Each of these operas is a study in the destructive effect of jealousy. In Cavelleria Rusticana, the angry, abandoned Santuzza (the role will be split between Violeta Urmana and Liudmyla Monastyrska) tells the carter Alfio of her ex-lover Turridu's dalliance with Alfio's wife. Turiddu challenges Alfio to a knife fight and is slain in the final scene. Pagliacci blurs the line between comedy and melodrama as Canio, the head of a touring troupe goes slowly mad and eventually murders his wife in front of a paying audience. Its signature moment: the searing tenor aria "Vestia la giubba" with its heart-rending "laughing sob."
Cavalleria Rusticana / Pagliacci returns to the Metropolitan Opera on Jan. 21, 2016.

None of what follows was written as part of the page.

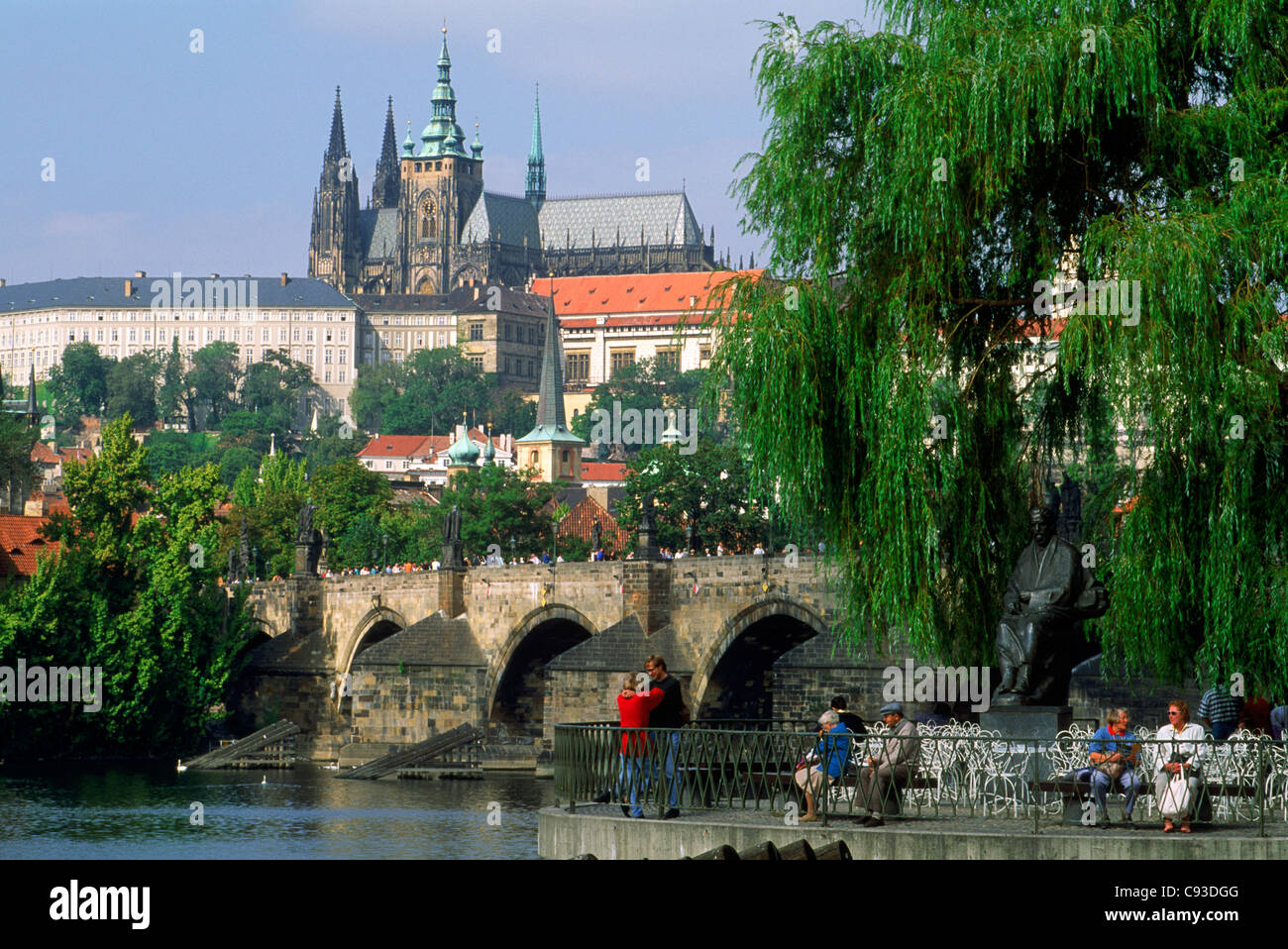 Le Pont Charles sur la Vltava avec la Cathédrale Saint Vitus' et les touristes à la Riverside restaurant à Prague Banque D'Images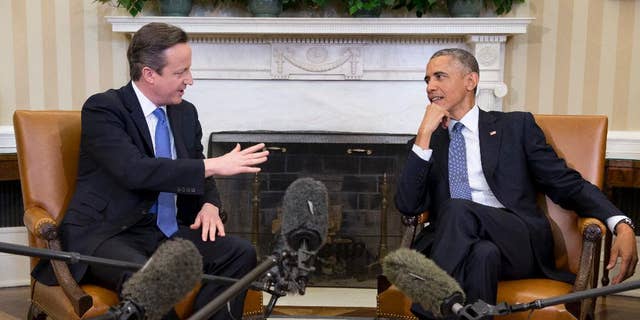 FILE - In this Jan. 16, 2015 file photo, President Barack Obama meets with British Prime Minister David Cameron, in the Oval Office of the White House in Washington. U.S. Sen. Lindsey Graham, a leading Republican critic of Obama's foreign policy, is pushing new sanctions against Iran over its nuclear program, unswayed by a White House veto threat and lobbying by Britain's leader.  (AP Photo/Carolyn Kaster, File)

Recording Recommendations:
Orchestra del Teatro alla Scala di Milano cond. Herbert von Karajan, DG 1965
Cavalleria Rusticana:
Turiddu: Carlo Bergonzi
Santuzza: Fiorenza Cossotto
Alfio: Giangiacomo Guelfi
Pagliacci:
Canio: Carlo Bergonzi
Nedda: Joan Carlyle
Tonio: Giuseppe Taddei
These two classic recordings were originally available together on vinyl, and later in a deluxe three-CD box set along with a nice set of opera intermezzi. Now available separately as "DG Originals", they remain the heavyweight champion recordings of these two very popular operas. Carlo Bergonzi is brilliant in both leading roles. Karajan leads the La Scala orchestra and chorus in an inspired performance, showing the magic this conductor was capable of in the studio.